Dott has noticed a big difference in work ethic between older employees and recent graduates of today’s trade schools.

“The kids out of tech schools today have little work ethic,” he said. “All they know is how to look things up on the computer. If they can’t find it there, they don’t understand that you may have to fabricate the part yourself.”

While Dott enjoys watching car restoration shows on TV, he said they also cause him problems professionally.

“Customers who watch these shows and know little about auto restoration come in and expect the car to be done in a week, because the shows make it look like that is how it is done,” Dott said. “It takes a long time, even on the shows, to restore a car — and there are always those unknowns you don’t see until you really get into it. It is never easy.”

For example, one project Dott is working on is a 1949 Dodge Wayfarer where the owner wants the hood chopped and a major overhaul of the look and profile of the car. The work on the chopped roof alone is time consuming and involves removing pieces of the roof and rewelding to accomplish the desired look.

He and his two full-time employees — Don Siebert, who does body work and has worked on an off for Dott for about 20 years, and Roger Schlender, Lodi, who does mechanical work — are actively working on between six to eight projects at any one time because of the complexity of the work and the ordering of parts. Dott, who specializes in fabrication and welding, charges $65 per hour labor and said the firm has more work than it can handle right now.

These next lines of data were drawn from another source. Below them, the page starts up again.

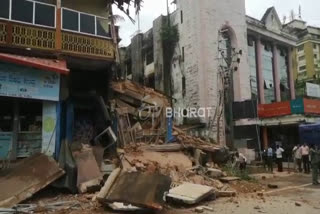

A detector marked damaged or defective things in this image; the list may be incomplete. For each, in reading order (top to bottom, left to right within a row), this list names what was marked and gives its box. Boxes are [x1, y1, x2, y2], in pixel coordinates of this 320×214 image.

building under damage [123, 0, 320, 157]
broken concrete slab [0, 153, 64, 208]
broken concrete slab [72, 146, 102, 193]
broken concrete slab [104, 171, 171, 210]
broken concrete slab [165, 182, 215, 204]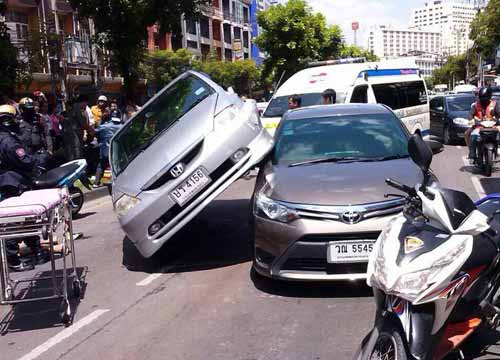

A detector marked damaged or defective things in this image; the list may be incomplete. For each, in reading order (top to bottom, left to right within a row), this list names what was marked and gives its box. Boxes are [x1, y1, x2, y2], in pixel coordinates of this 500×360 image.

crumpled car body [111, 71, 274, 256]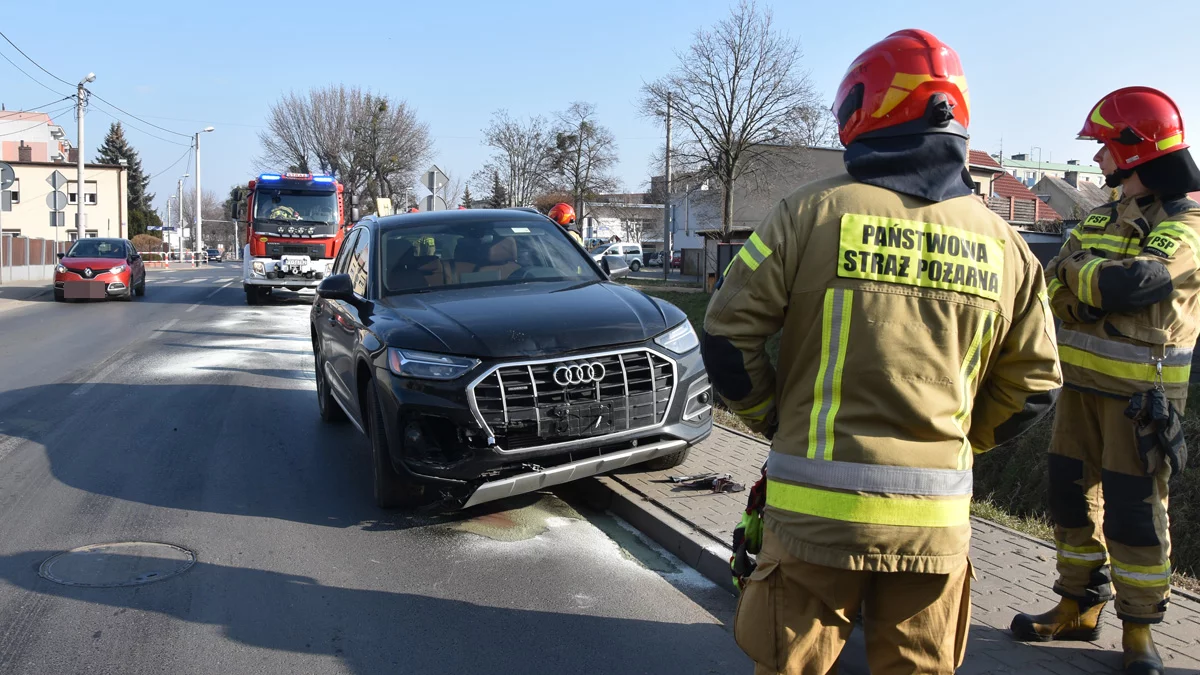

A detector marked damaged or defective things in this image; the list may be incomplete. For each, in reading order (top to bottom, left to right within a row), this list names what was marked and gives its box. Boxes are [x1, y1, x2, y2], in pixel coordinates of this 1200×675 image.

damaged audi suv [312, 209, 712, 510]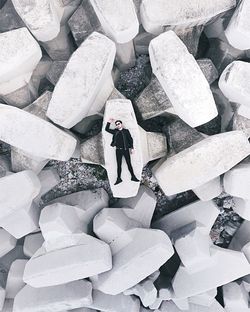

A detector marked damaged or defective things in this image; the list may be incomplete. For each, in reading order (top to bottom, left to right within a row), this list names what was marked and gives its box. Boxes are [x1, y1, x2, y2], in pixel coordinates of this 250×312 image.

cracked concrete block [142, 0, 235, 34]
cracked concrete block [226, 0, 250, 49]
cracked concrete block [0, 28, 41, 98]
cracked concrete block [47, 31, 115, 128]
cracked concrete block [149, 30, 218, 128]
cracked concrete block [0, 104, 76, 161]
cracked concrete block [103, 99, 143, 197]
cracked concrete block [152, 131, 250, 195]
cracked concrete block [224, 162, 250, 199]
cracked concrete block [116, 184, 156, 228]
cracked concrete block [0, 229, 16, 258]
cracked concrete block [5, 260, 27, 298]
cracked concrete block [23, 232, 44, 258]
cracked concrete block [12, 280, 93, 312]
cracked concrete block [23, 234, 112, 288]
cracked concrete block [87, 290, 140, 312]
cracked concrete block [91, 227, 174, 294]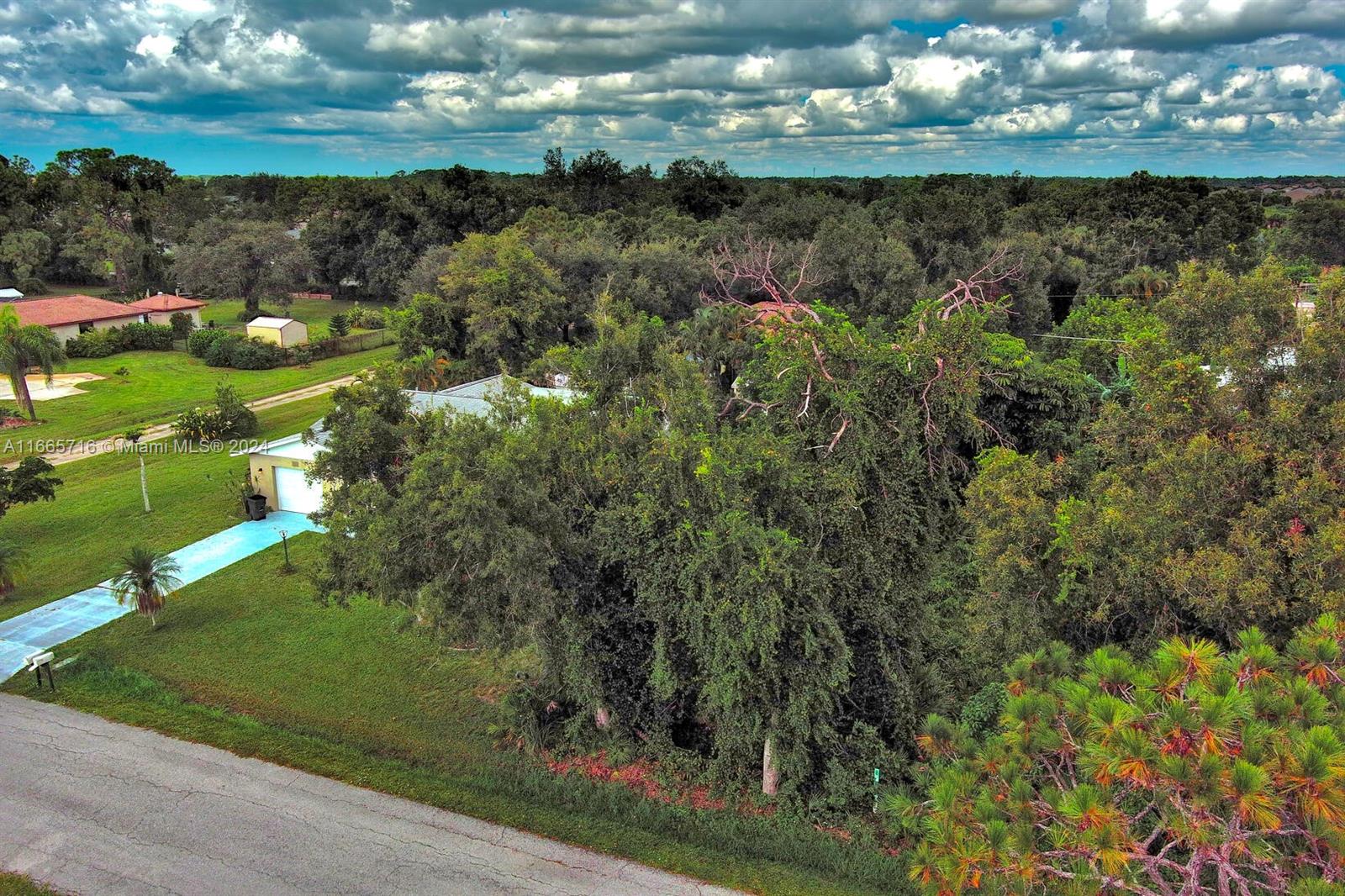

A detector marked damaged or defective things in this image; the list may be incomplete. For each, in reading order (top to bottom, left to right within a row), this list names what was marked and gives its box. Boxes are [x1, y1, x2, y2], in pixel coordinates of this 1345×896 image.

cracked pavement [0, 699, 742, 893]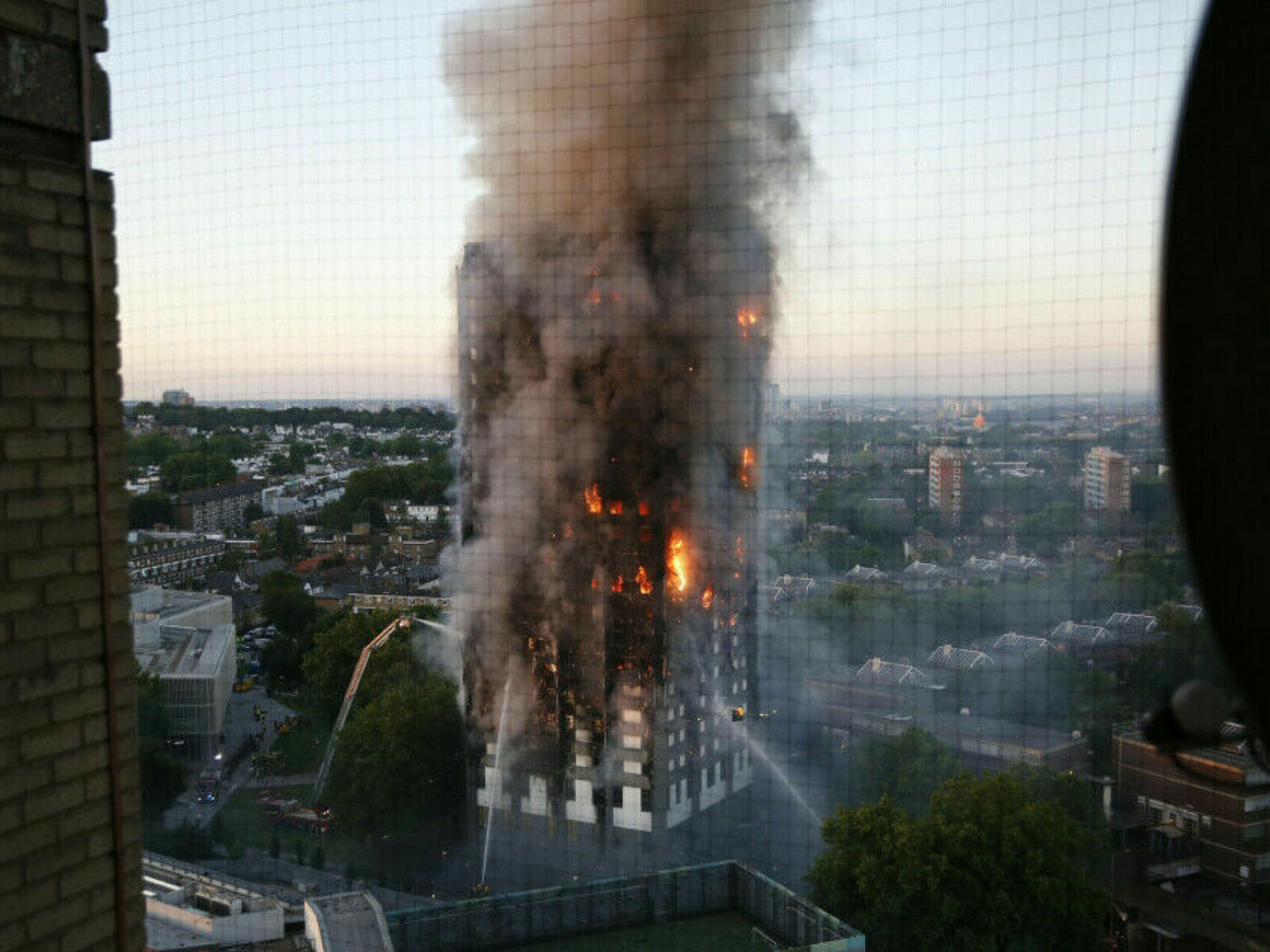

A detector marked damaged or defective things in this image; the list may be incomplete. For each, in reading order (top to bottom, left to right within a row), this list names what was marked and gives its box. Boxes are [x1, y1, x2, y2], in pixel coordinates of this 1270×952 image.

charred building facade [460, 240, 762, 858]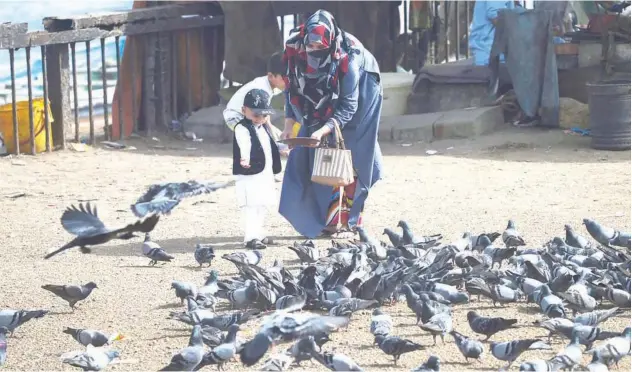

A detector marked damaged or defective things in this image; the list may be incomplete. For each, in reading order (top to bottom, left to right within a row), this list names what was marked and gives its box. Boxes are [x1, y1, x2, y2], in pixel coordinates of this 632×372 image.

rusted fence [0, 0, 474, 157]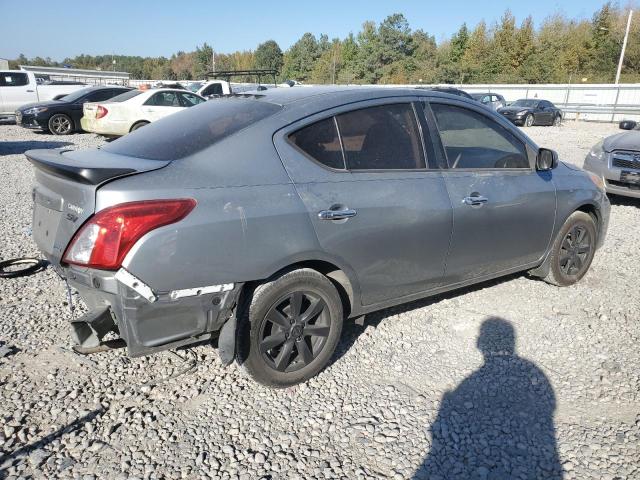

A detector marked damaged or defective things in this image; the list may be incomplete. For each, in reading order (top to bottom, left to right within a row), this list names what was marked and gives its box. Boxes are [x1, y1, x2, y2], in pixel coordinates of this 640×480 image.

damaged rear bumper [63, 264, 241, 358]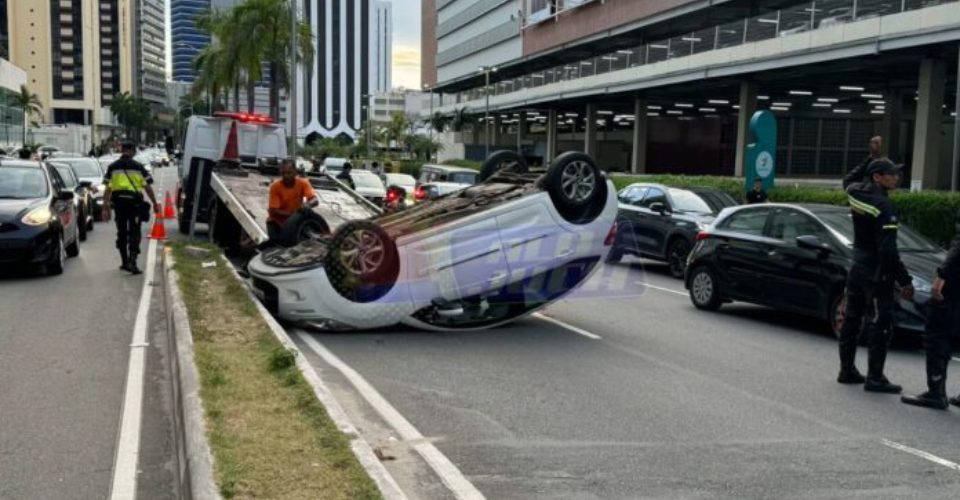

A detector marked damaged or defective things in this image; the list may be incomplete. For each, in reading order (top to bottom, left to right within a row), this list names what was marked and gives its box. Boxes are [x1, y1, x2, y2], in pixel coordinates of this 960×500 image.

overturned white car [248, 152, 620, 332]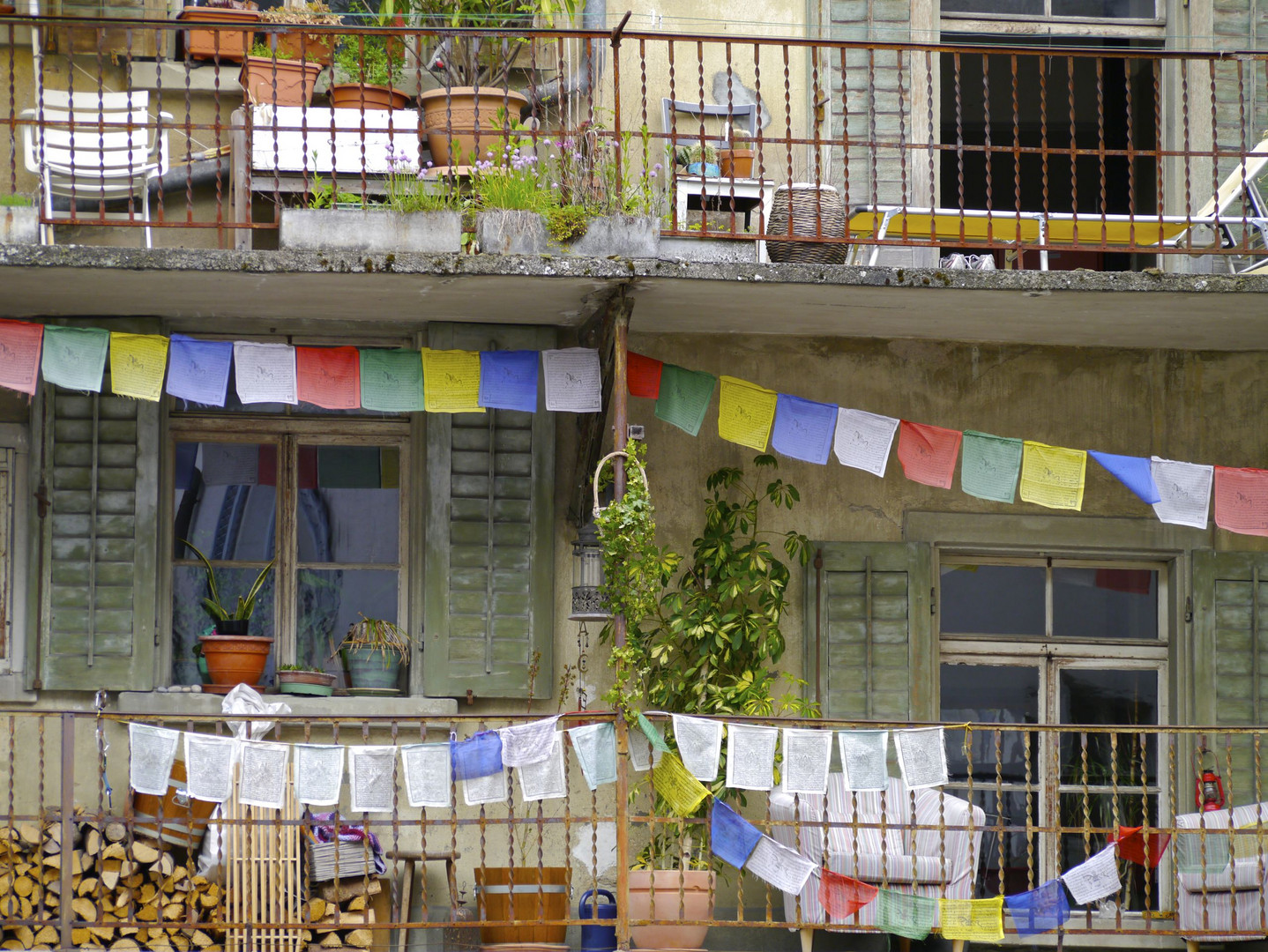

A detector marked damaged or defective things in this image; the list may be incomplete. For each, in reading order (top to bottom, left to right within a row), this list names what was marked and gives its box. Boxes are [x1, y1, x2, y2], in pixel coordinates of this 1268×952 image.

rusty metal railing [2, 12, 1268, 270]
rusty metal railing [0, 709, 1268, 945]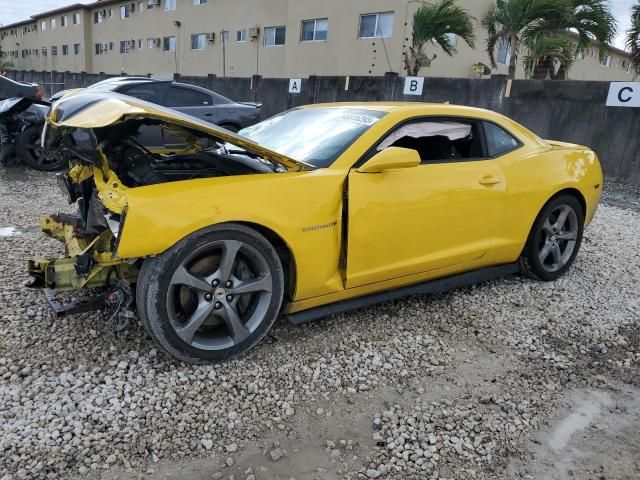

His wife and longtime partner, Robin, manages the books and social media sites in addition to working a full-time job in Madison.

In the past, Dott has also refurbished other collectibles, such as old toy peddle cars (that can go for hundreds of dollars at auctions), old gas pumps and other items. He even once published custom calendars highlighting some of that work. He now focuses solely on cars.

A big event for Dott is an annual open house he hosts each year the same weekend as the Jefferson Car Show. He puts several cars out on display and invites people to stop in and tour his shop and ongoing projects.

“It is fun,” Dott said. “I get people stopping from Iowa and Minnesota, and we talk about cars the entire time.”